Posts tagged with "Dictators":
The days of China as a staging ground for progressive, even experimental, architecture may be numbered. High-profile projects by Rem Koolhaas, Zaha Hadid, Steven Holl, et al, while the delight of design aficionados around the world, haven't impressed Chinese President Xi Jinping—at least in a positive way. At a symposium on the arts held in Beijing at the end of last year, he made statements to the effect that "weird" buildings—an adjective that has not yet been codified—would not be welcome in the future. Government intrusion into architectural aesthetics is not, of course, without ugly precedent. Joseph Stalin—who was called "the father and friend of all Soviet architects" at the All-Union Congress in 1946—essentially conscripted architects to work for the state, forcing them to close their practices to deliver structures like the Seven Sisters, fortress-like buildings topped with Gothic-ish towers. (Un-fun fact: The project manager for these buildings was a KGB honcho, and the construction crews were composed of POWs and political prisoners.) Mies van der Rohe, in an act of cunning integrity, convinced the Third Reich of the importance of keeping the Bauhaus open, only to close the school himself in a statement of artistic principle. We wonder who among the contemporary architectural community might take such a stand—should the need arise—with regard to China.
The Architect’s Journal reported, somewhat melodramatically, that a “row” has broken about between MVRDV and the British firm LDA over the redevelopment of the Hammer and Sickle Factory in Moscow. MVRDV’s competition winning scheme, which respected the existing historic factory buildings, has been dumped in favor of LDA’s swoopier Shanghai/Dubai/Where-am-I scheme. Hurt feelings aside, MVRDV might have dodged a dictatorial bullet. Russia isn’t exactly the most stable or desirable or reputation-burnishing place to work these days.

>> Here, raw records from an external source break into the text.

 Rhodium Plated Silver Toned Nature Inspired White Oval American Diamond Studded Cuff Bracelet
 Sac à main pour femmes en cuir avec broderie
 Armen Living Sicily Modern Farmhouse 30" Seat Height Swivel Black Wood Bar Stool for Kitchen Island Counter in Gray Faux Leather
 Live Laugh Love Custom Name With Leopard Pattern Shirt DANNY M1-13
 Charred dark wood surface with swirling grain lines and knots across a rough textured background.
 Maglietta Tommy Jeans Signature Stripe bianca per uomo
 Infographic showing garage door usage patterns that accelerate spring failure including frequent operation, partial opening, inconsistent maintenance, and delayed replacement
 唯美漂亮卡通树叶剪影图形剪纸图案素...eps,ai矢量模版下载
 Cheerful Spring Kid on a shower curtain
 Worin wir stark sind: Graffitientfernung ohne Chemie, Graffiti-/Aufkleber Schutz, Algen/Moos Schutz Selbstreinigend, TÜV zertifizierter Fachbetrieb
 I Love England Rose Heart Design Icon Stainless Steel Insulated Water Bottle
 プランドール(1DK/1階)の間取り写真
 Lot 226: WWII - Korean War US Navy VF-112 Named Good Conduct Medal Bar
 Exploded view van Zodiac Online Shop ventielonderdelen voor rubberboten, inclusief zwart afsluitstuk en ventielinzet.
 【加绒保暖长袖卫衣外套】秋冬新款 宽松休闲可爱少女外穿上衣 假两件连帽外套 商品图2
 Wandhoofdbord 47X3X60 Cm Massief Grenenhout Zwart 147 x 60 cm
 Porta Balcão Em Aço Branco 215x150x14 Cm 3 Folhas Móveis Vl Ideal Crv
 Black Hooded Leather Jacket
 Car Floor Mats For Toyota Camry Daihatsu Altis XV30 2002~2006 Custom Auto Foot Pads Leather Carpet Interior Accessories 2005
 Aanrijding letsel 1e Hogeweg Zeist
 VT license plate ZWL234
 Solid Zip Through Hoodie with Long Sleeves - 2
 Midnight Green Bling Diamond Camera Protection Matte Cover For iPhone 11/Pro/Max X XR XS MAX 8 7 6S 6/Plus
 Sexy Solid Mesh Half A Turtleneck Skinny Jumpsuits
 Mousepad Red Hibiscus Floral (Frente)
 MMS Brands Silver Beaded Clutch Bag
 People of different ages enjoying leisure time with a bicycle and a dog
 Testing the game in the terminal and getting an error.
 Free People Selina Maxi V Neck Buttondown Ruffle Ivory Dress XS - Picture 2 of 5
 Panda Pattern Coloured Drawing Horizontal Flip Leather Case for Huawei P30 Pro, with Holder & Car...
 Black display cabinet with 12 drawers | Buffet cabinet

In recent interview with the journal Foreign Policy, Frank Gehry held forth on how architecture and democracy don’t really go together. Just too many opinions, you see. “I think the best thing is to have a benevolent dictator—who has taste!” said Gehry. “It’s really hard to get consensus, to have a tastemaker. There is no Robert Moses anymore.” Why was Gehry on FP’s radar in the first place? We’re guessing it was Hillary Clinton’s Gehry name-check in one of her outgoing speeches as Secretary of State. Riffing on how institutions of the future must be dynamic rather than static, the stateswomen stated, “We need a new architecture for this new world, more Frank Gehry than formal Greek.”